• _DIRECTIONS_:
Your task is to retype every entry exactly while omitting the pictures.

Web page caption snippets:
----------
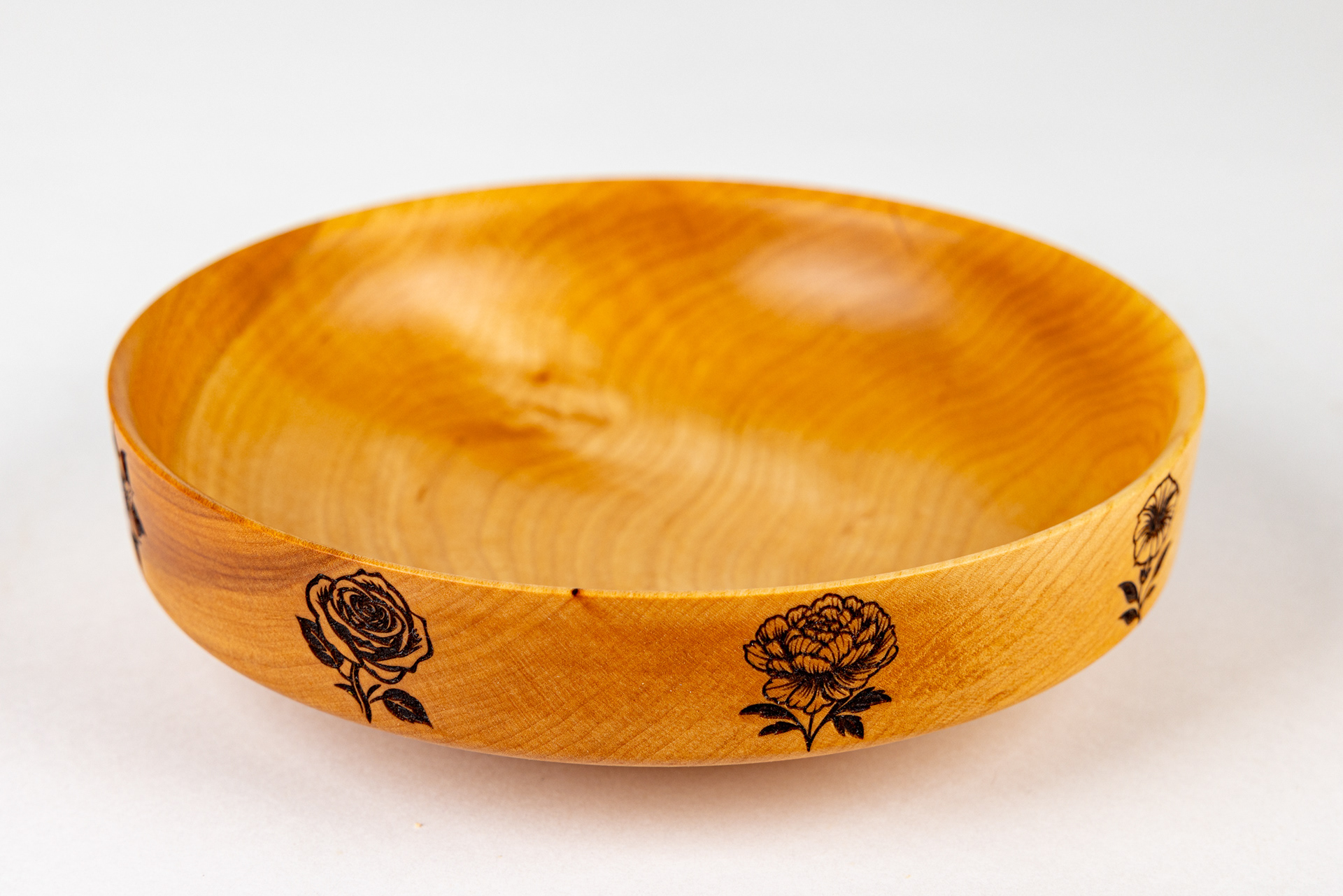 Laser Engraved Maple Bowl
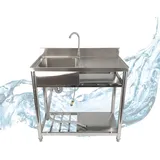 Lemodo Spültisch freistehend, Wasserhahn mit Gartenschlauch-Anschluss, Spülbecken Größe L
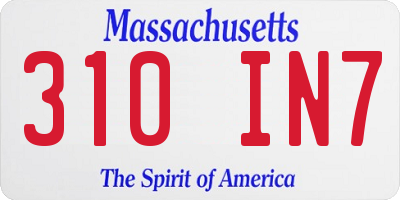 MA license plate 310IN7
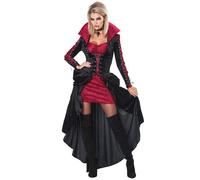 JADEO Women's luxury lace-up vampire costume red/black L (42/44)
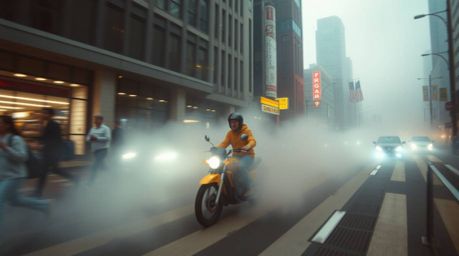 Capture the raw energy of the streets with a candid street photography style chase scene. This scene features exaggerated squ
----------
• _SOLUTION FOR THIS EXERCISE_:
 Laser Engraved Maple Bowl
 Lemodo Spültisch freistehend, Wasserhahn mit Gartenschlauch-Anschluss, Spülbecken Größe L
 MA license plate 310IN7
 JADEO Women's luxury lace-up vampire costume red/black L (42/44)
 Capture the raw energy of the streets with a candid street photography style chase scene. This scene features exaggerated squ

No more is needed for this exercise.